**What the exercise asks**
Leave out the pictures, and retype only the lines from the beginning of the material through the line that contains "Churnet Valley 4Ft", including both.

**Data supplied**
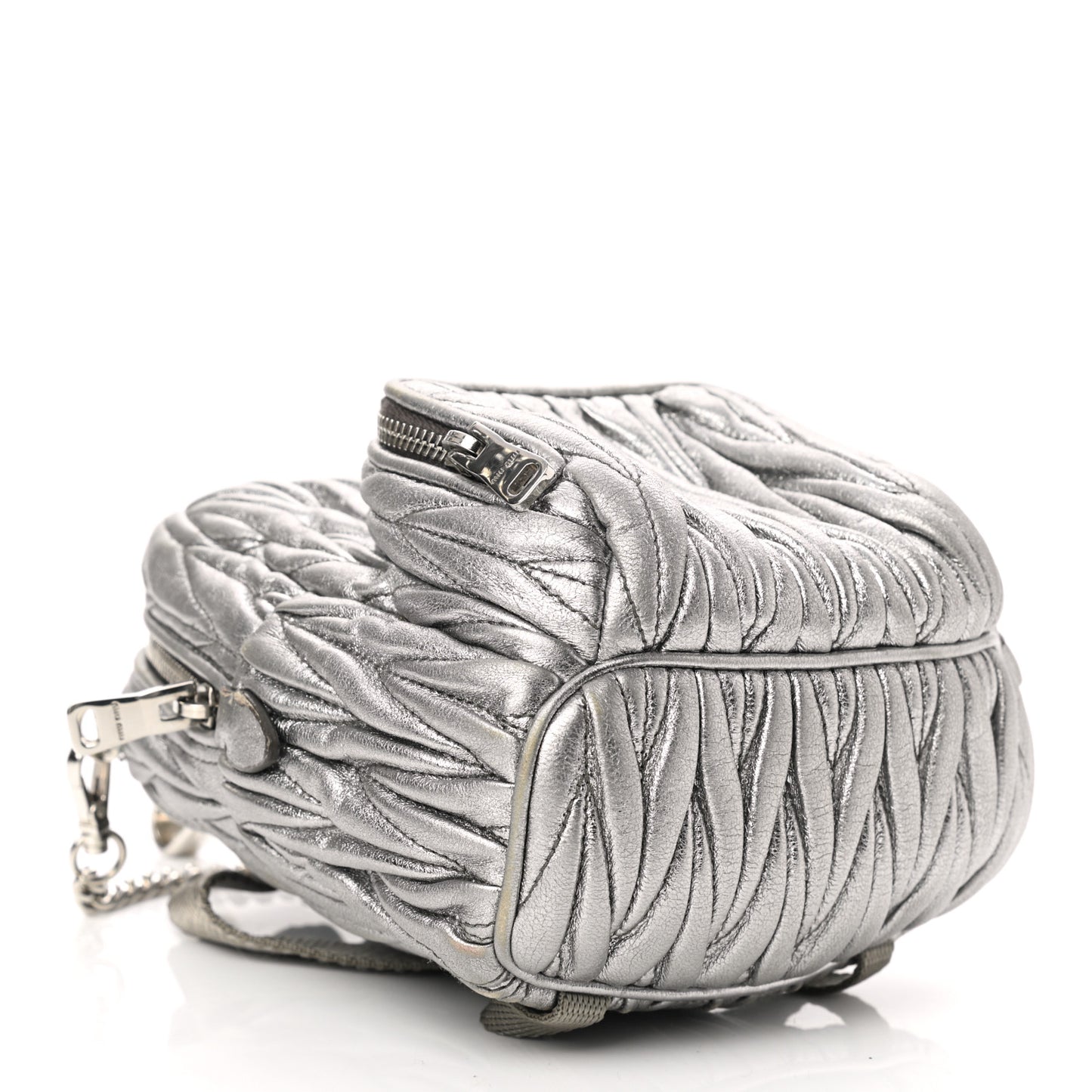 Metallic Nappa Matelasse Lux Mini Backpack Cromo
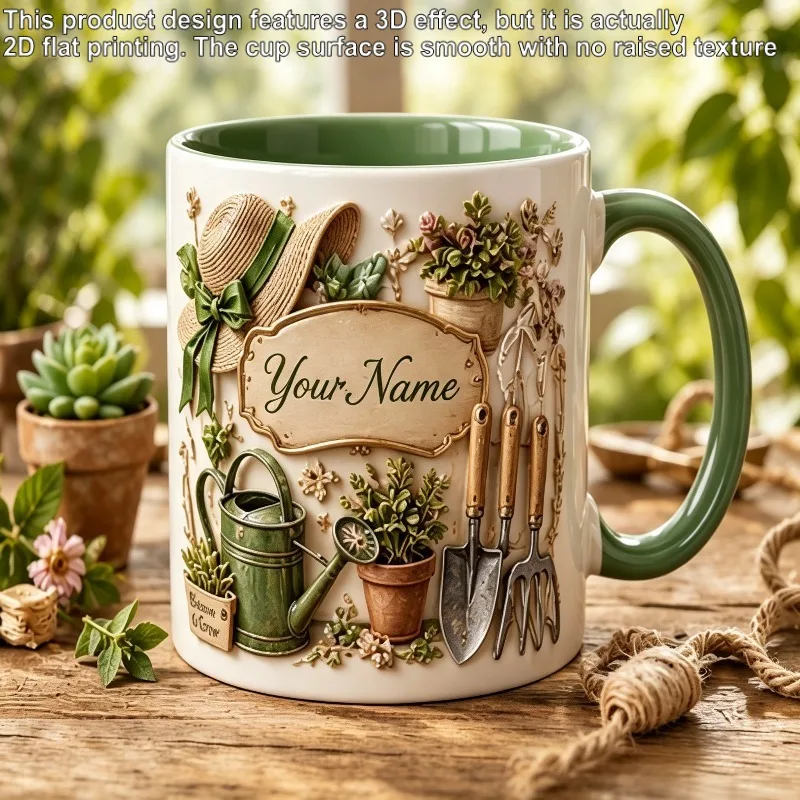Custom Garden Tool Nature Ceramic Mug 2D Print Personalized Floral Detail Gardening Enthusiast Office Gift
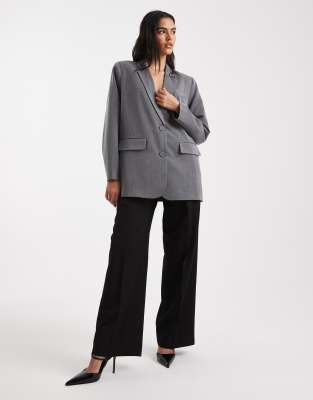 Pieces Oversized Tailored Blazer In Gray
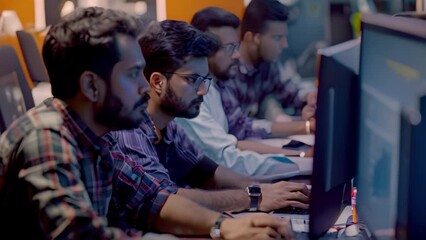 A group of Indian men sitting in front of a laptop computer, working together on software development, A group of Indian men collaborating on a software development project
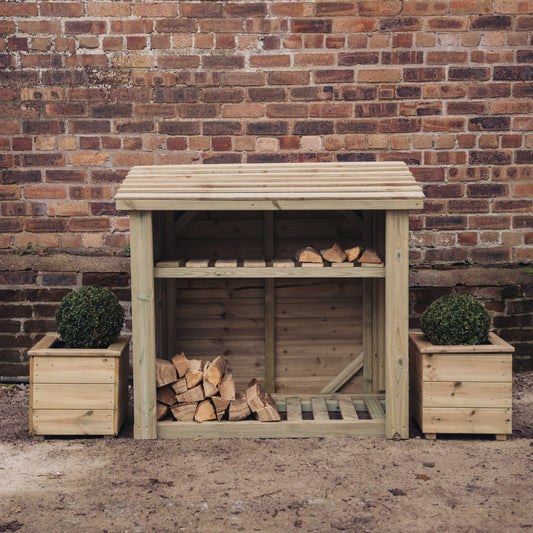 Churnet Valley 4Ft X 4Ft Log Store With Kindling Shelf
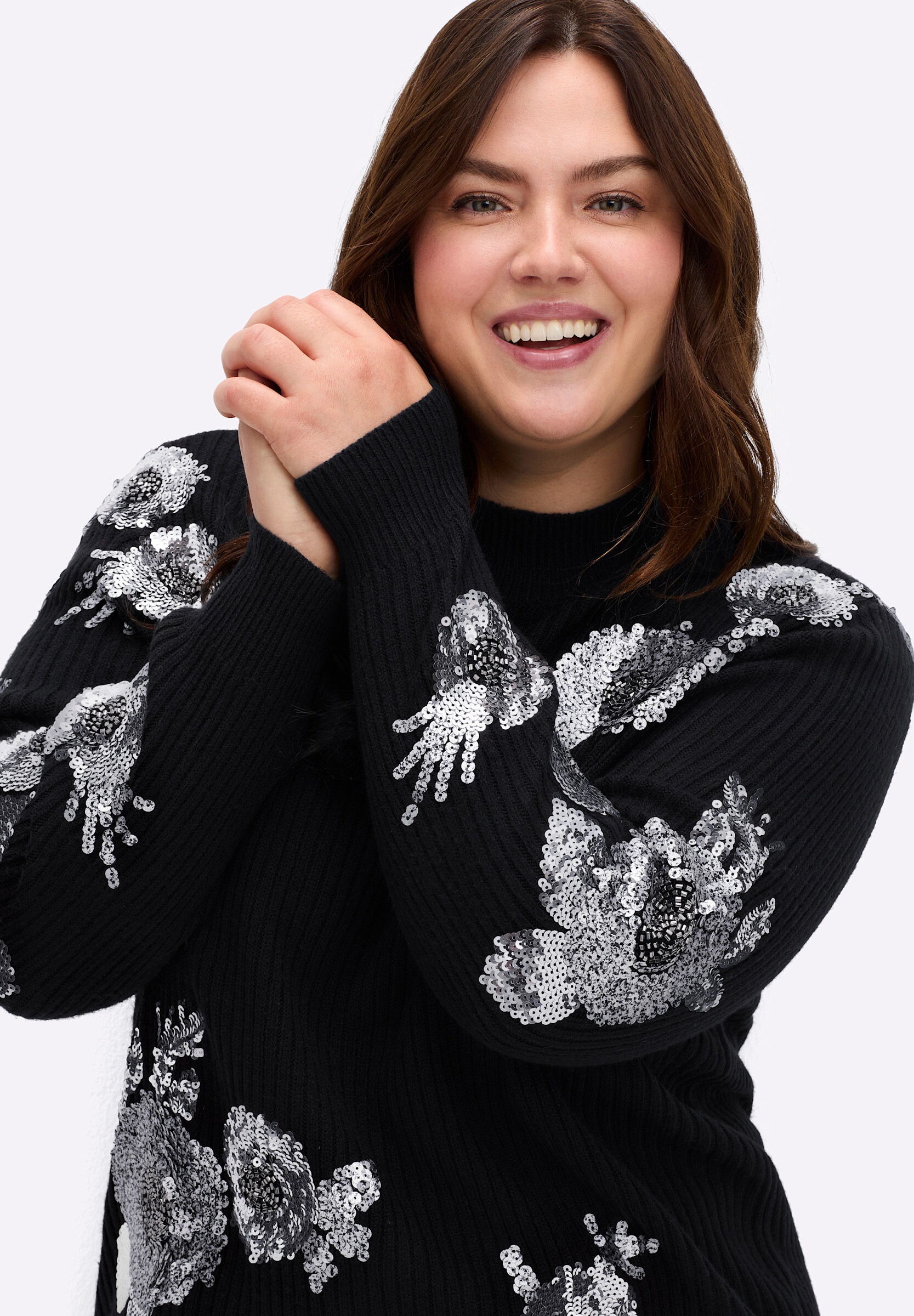 sheego by Joe Browns Strickpullover »Pullover Pullover mit Stehkragen und Paillettenstickerei«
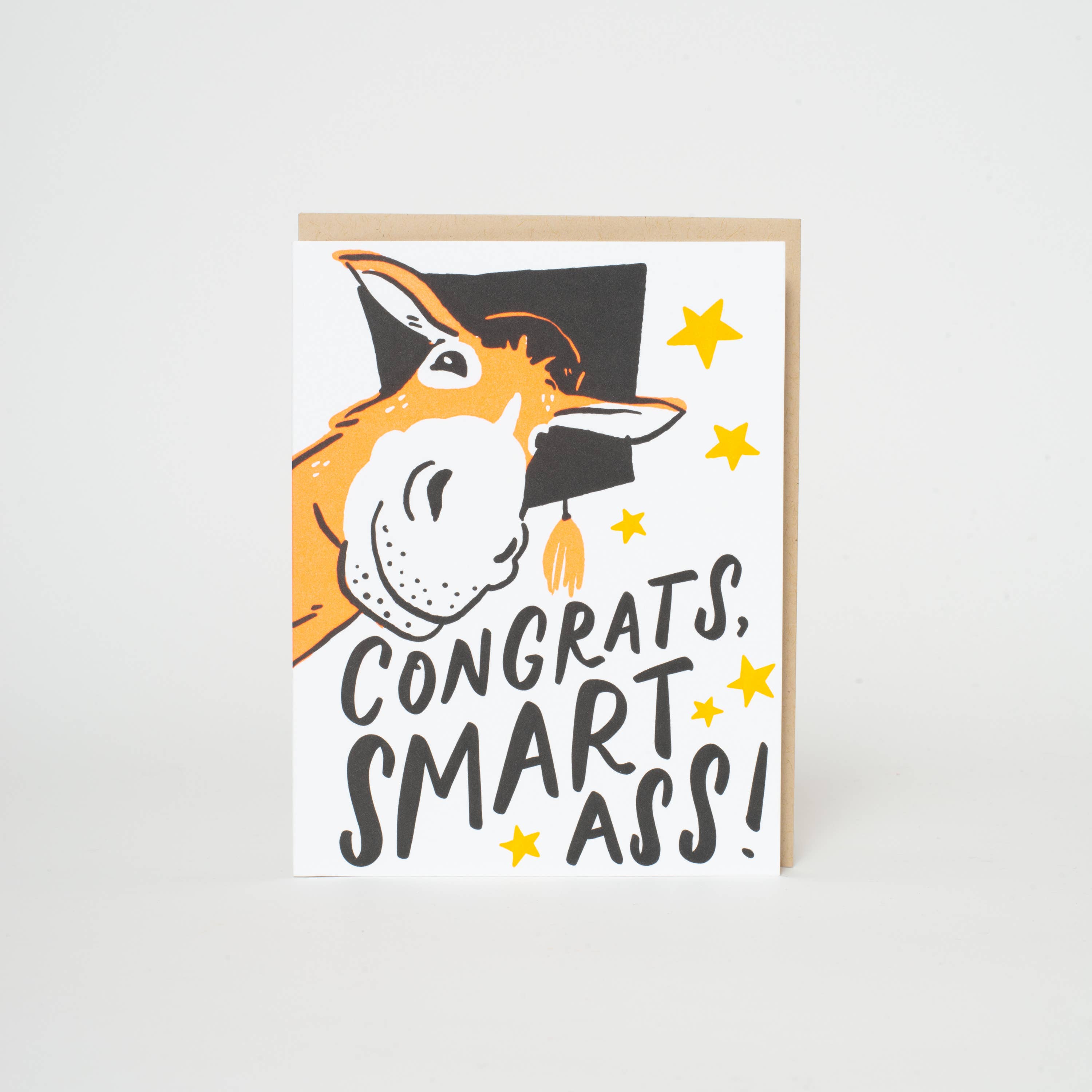 Graduation Smart Ass Punny Letterpress Greeting Card by Hello!Lucky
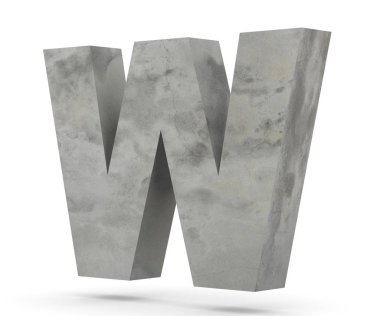 Büyük harf - W beyaz arka plan üzerinde izole beton. 3D render illüstrasyon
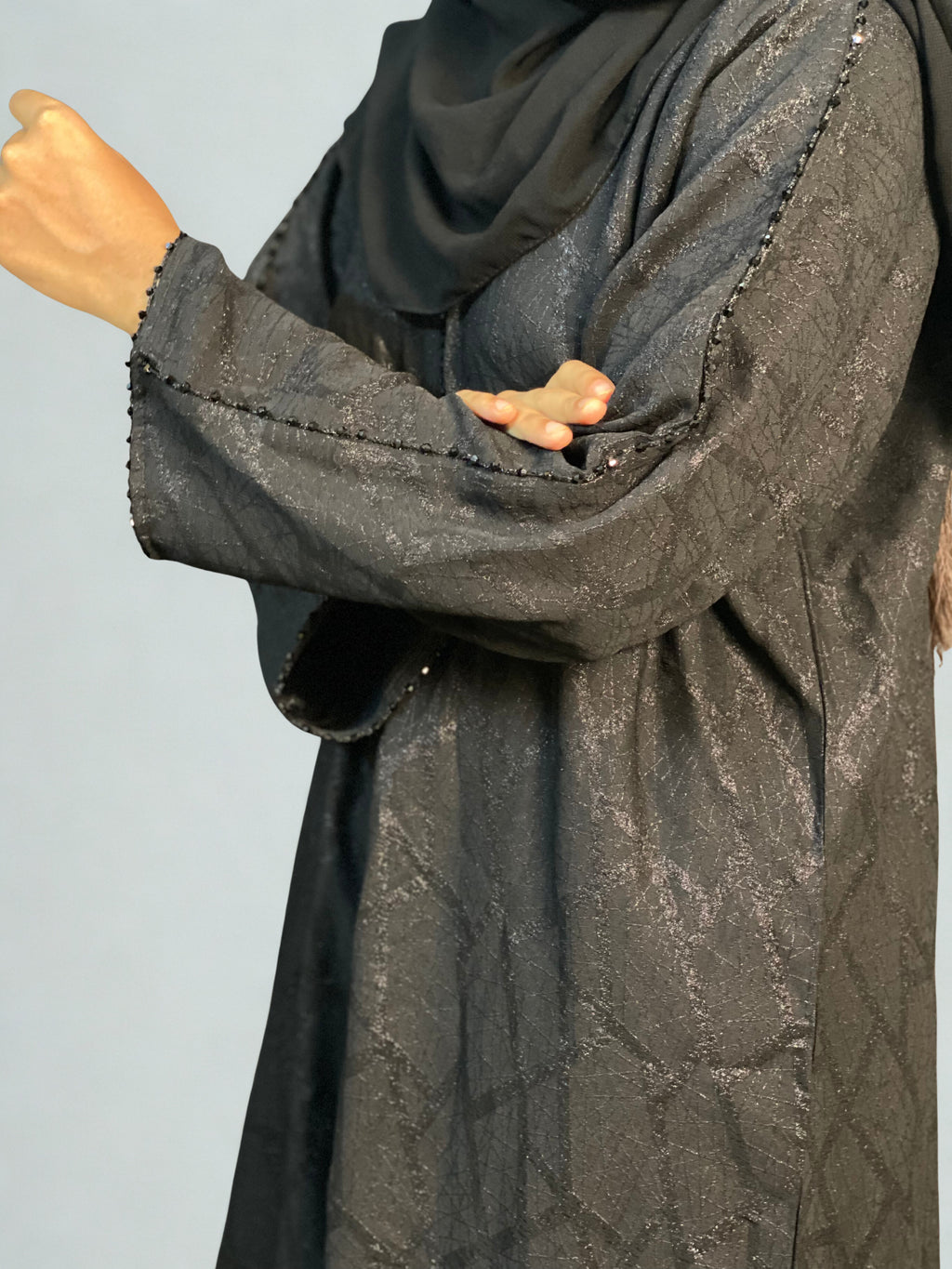 Lutfaz Premium Damask Fabric Royal Grace Borka - Black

**Result of the exercise**
 Metallic Nappa Matelasse Lux Mini Backpack Cromo
Custom Garden Tool Nature Ceramic Mug 2D Print Personalized Floral Detail Gardening Enthusiast Office Gift
 Pieces Oversized Tailored Blazer In Gray
 A group of Indian men sitting in front of a laptop computer, working together on software development, A group of Indian men collaborating on a software development project
 Churnet Valley 4Ft X 4Ft Log Store With Kindling Shelf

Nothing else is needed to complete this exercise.